## The problem
Repeat the lines of the listing below exactly, starting at the line that contains "A young woman" and running through the last line, both included, and only those.

## Task input
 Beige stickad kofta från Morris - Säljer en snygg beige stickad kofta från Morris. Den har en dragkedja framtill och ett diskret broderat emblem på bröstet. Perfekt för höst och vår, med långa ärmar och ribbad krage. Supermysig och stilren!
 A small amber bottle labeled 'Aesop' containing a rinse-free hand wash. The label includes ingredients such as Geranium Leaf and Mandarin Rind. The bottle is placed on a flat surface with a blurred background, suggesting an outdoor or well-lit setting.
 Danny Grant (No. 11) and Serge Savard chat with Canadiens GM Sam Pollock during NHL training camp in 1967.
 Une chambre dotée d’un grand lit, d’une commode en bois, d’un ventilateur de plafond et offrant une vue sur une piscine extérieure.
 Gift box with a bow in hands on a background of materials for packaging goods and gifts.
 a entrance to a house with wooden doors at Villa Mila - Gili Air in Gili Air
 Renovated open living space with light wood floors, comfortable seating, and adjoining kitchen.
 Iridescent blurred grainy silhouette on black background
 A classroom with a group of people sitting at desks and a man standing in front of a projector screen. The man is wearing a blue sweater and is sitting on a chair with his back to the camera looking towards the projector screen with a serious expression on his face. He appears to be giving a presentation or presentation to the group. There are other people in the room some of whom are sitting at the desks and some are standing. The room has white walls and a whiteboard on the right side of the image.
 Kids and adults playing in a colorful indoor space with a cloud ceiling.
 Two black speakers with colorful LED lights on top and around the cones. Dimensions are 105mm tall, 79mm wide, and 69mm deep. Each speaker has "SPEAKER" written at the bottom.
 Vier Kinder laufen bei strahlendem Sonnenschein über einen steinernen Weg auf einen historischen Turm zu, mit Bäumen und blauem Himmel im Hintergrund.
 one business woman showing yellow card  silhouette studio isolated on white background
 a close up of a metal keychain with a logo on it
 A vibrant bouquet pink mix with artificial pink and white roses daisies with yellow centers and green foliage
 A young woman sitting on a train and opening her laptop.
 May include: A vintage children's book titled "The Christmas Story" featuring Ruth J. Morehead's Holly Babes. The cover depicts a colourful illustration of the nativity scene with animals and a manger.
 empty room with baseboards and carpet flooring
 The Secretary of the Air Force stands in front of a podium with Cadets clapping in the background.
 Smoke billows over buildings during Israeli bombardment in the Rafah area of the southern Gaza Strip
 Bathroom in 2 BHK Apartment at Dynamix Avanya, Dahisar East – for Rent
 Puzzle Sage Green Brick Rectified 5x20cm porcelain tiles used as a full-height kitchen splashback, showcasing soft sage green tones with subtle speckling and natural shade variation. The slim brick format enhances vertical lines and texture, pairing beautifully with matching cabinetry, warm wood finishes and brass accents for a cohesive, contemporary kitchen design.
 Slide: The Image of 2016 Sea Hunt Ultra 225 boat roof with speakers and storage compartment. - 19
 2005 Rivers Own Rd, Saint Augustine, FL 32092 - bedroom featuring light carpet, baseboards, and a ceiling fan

## Answer to the problem
 A young woman sitting on a train and opening her laptop.
 May include: A vintage children's book titled "The Christmas Story" featuring Ruth J. Morehead's Holly Babes. The cover depicts a colourful illustration of the nativity scene with animals and a manger.
 empty room with baseboards and carpet flooring
 The Secretary of the Air Force stands in front of a podium with Cadets clapping in the background.
 Smoke billows over buildings during Israeli bombardment in the Rafah area of the southern Gaza Strip
 Bathroom in 2 BHK Apartment at Dynamix Avanya, Dahisar East – for Rent
 Puzzle Sage Green Brick Rectified 5x20cm porcelain tiles used as a full-height kitchen splashback, showcasing soft sage green tones with subtle speckling and natural shade variation. The slim brick format enhances vertical lines and texture, pairing beautifully with matching cabinetry, warm wood finishes and brass accents for a cohesive, contemporary kitchen design.
 Slide: The Image of 2016 Sea Hunt Ultra 225 boat roof with speakers and storage compartment. - 19
 2005 Rivers Own Rd, Saint Augustine, FL 32092 - bedroom featuring light carpet, baseboards, and a ceiling fan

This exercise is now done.